For patients with cholangiocarcinoma, or bile duct cancer, the first line of treatment often includes standard cancer treatments, such as surgery, chemotherapy and radiation therapy. However, in the last few years, oncologists have found that there may be a better option for patients whose cancer has a mutation in the fibroblast growth factor receptor (FGFR).
FGFR inhibitors, in combination with standard treatments, have extended the lives of many with this disease. However, these drugs often stop working after six to eight months.
“These drugs work very well for a while, but resistance is inevitable,” says gastrointestinal medical oncologist Milind Javle, M.D.
Now, a new type of FGFR inhibitor may allow patients to live longer without their disease progressing.
The drug being studied in the clinical trial, tinengotinib, is an example of a next-generation FGFR inhibitor because it binds to the FGFR2 in a unique way.
This approach does seem to extend survival among patients, especially among those who initially responded to an FGFR inhibitor — the clinical trial showed a median progression-free survival of seven months. This means half the patients went longer without their cancer progressing, and half shorter. Even though seven months may not seem like a lot, it could be meaningful, Javle says, because in some cases, the patients can survive for years.
The science behind how tinengotinib works
FGFR inhibitors often stop working after a few months because the cancer acquires new genetic mutations — it essentially evolves — to become resistant to the medication. These cancer cells are then able to tolerate the original FGFR inhibitor.
Tinengotinib, on the other hand, has a unique binding mechanism away from the ATP binding pocket that enables it to target even newly resistant cancer cells. It overcomes acquired resistance by targeting FGFR2 kinase domain mutations. Essentially, by inhibiting a number of different kinases (a particular type of enzyme important for cell growth), the drug targets the spread of the cancer cells with their acquired resistant mutations.

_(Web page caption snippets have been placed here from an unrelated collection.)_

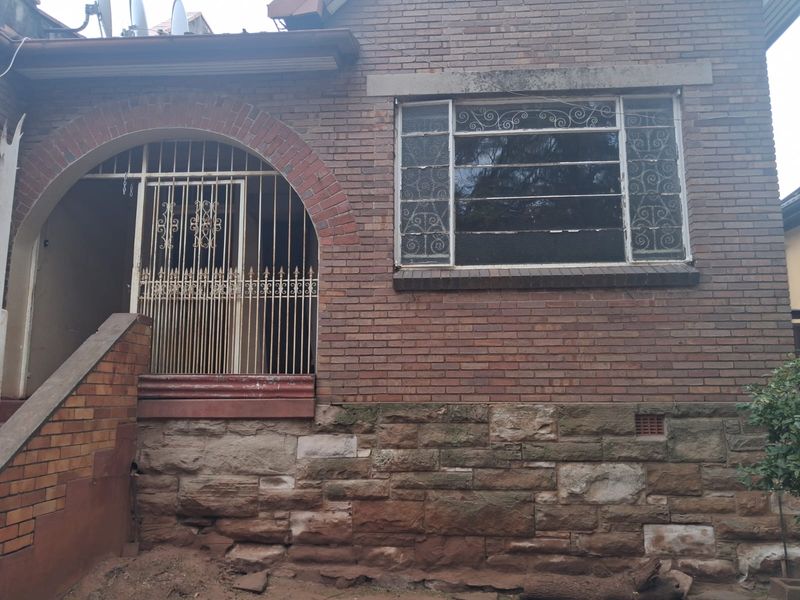 Front elevation of a brick house featuring a stone foundation, arched entrance with security gate, and classic casement windows with decorative security bars.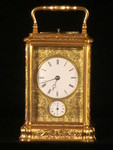 D357 A finely engraved and early bell striking and repeating gorge carriage clock (France)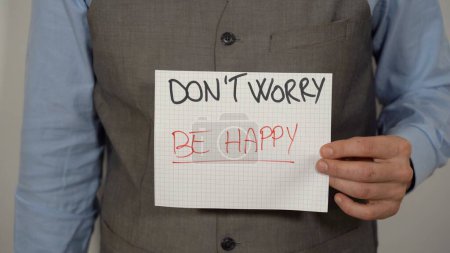 Foto de Business man with write Don't worry be happy , Time is now ( carpe diem ) - positive message and lifestyle - Imagen libre de derechos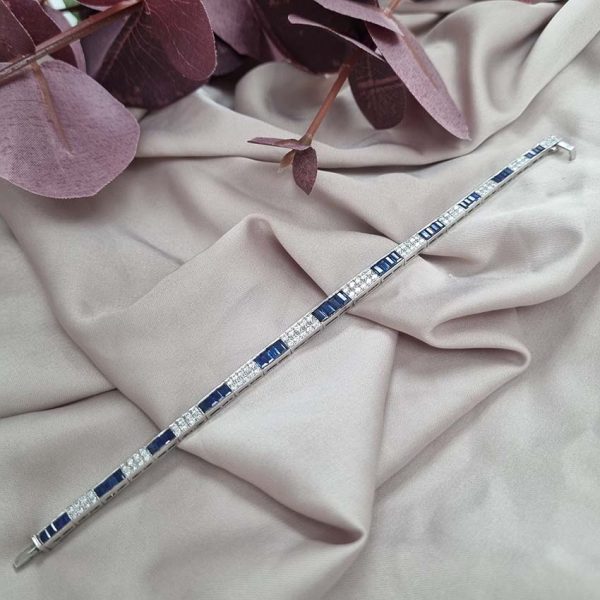5ct Baguette Cut Sapphire and Diamond Line Bracelet, 5cts baguette blue sapphires and 0.50cts brilliant-cut diamonds in alternating sections in elegant graduating design in 18ct white gold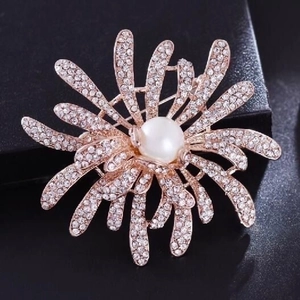 Luxury rose gold fireworks brooch with pearls and crystals on a black display box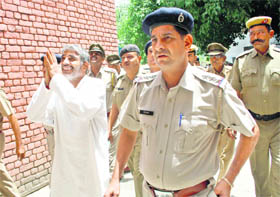 Bali Pehalwan, a former MLA of the INLD from Meham, being taken to a court in Rohtak on Saturday. Bali, an accused in a murder case, was remanded in two-day police custody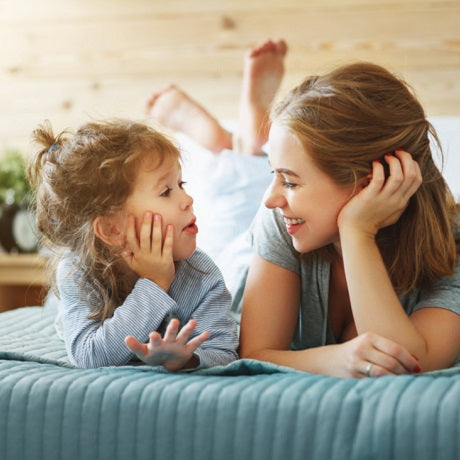 Woman and young child lying on a bed, facing each other and talking and smiling in a sunlit bedroom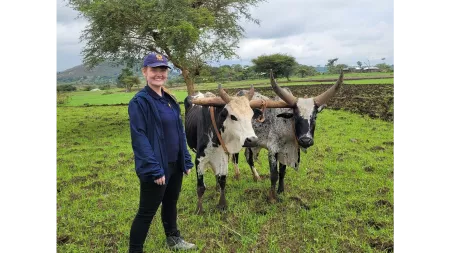 Ethiopia_Sarah Easter standing next to cows in a meadow
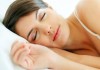 Cute young woman sleeping on the bed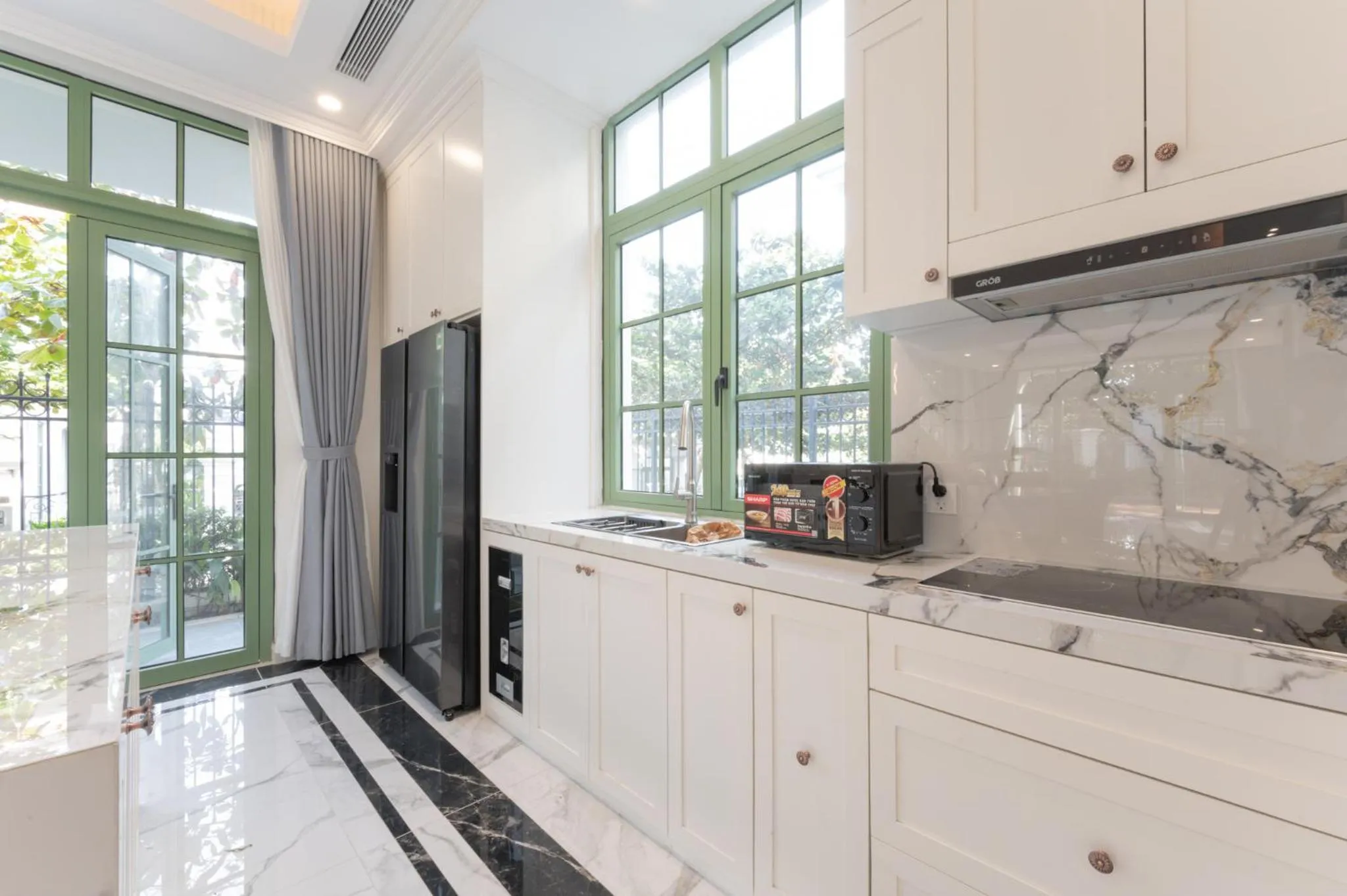 stove in La isla Apartments & Villas - Sea View & Fireworks Phu Quoc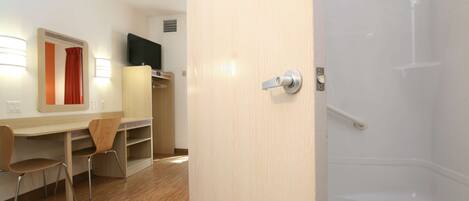 Camera d'albergo con una scrivania in legno, due sedie, televisione, uno specchio e zona doccia.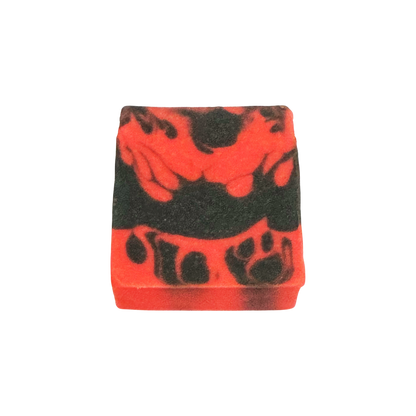 Red and black patterned bar of soap on a white background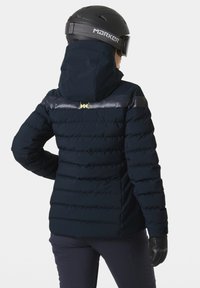 Dunkelblaue, wattierte Jacke mit Kapuze, ausgestattet mit einem glänzenden schwarzen Streifen über den Schultern und goldenen Logo-Akzenten. Geeignet für Aktivitäten im Freien.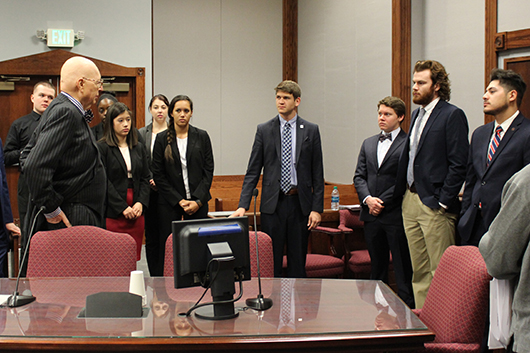 Group photo of the judge speaking with students.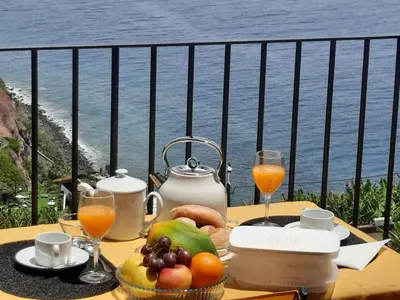 a table with fruit and juice on a balcony at Zeza´s Sky in Calheta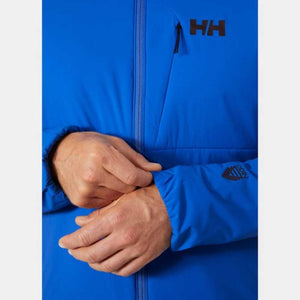 Close up of Helly Hansen blue jacket with HH logo and Odin branding on sleeve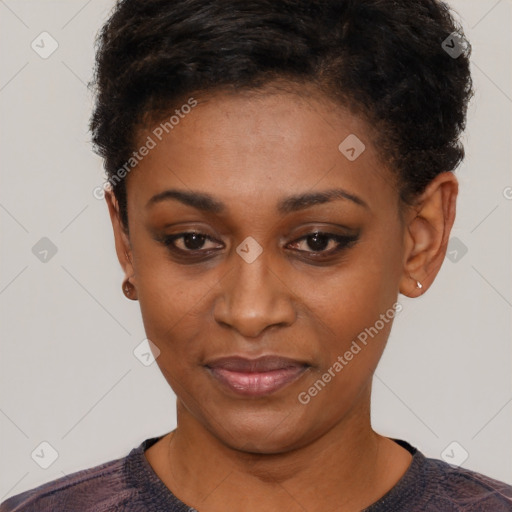 Joyful black young-adult female with short  black hair and brown eyes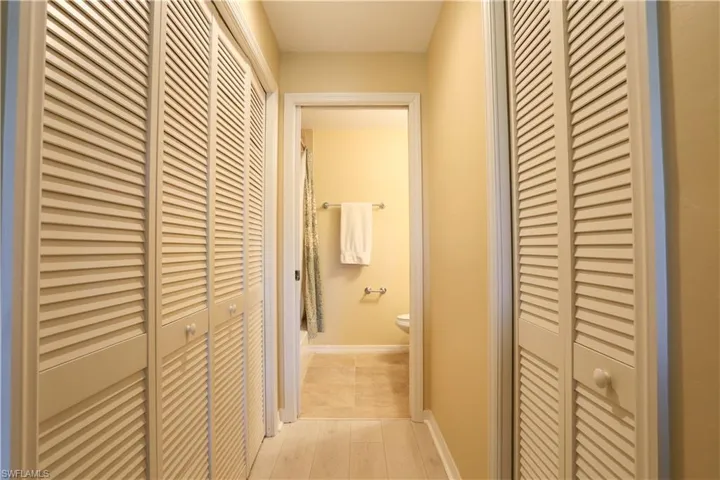 Corridor with baseboards and light wood finished floors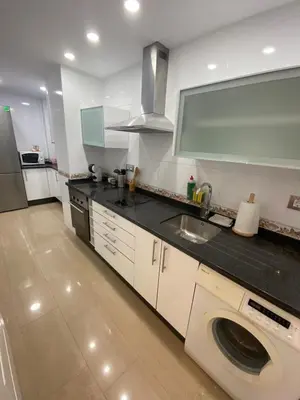 a kitchen with a sink and a washing machine at Espectacular Valdemar in El Puerto de Santa María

These new treatments highlight the need to better understand each patient’s cancer genetics at different points in time.
“Genomic profiling with next-generation sequencing is really important,” Javle says. “And because the cancer evolves, the genomic profiling of the tumor should be repeated after therapy to see if new changes have been acquired.” This can be done with a simple blood test called a liquid biopsy.
Studying the safety and effectiveness of tinengotinib in patients
In the clinical trial, there were three groups of patients: those for whom the FGFR inhibitor worked for some time then stopped working, those for whom the FGFR inhibitor never worked, and those whose cancer didn’t have any FGFR mutations. When beginning the study, 97% had stage IV disease. About half of the patients had already tried an FGFR inhibitor.
One of the main things Phase II clinical trials consider is the drug's safety. Although drug-related adverse events occurred in more than 80% of patients, they were all manageable, and there were no deaths related to the drug. Most of these side effects were mild and went away after treatment ended.
There was good news about the drug’s effectiveness as well: Overall, the response rate was about 20%, and the disease control rate was almost 75%. For patients who had previously tried an FGFR inhibitor, the response rate was 34%, and the disease control rate was 90%.
“These are respectable figures for a disease for which there are no current options,” Javle says. “The study showed notable clinical benefit for cholangiocarcinoma patients with acquired resistance to prior FGFR inhibitors.”
Future research seeks to provide more treatment options
The next step is a worldwide randomized Phase III clinical trial, led by MD Anderson, which is already open for enrollment at some centers. This study will further evaluate tinengotinib in cholangiocarcinoma patients with alterations in FGFR2 and whose disease has progressed after receiving one of the first-generation FGFR inhibitors.
“We are hoping that this work will lead to subsequent approval of therapeutic options for patients who have stopped responding to the first-line treatments,” Javle says.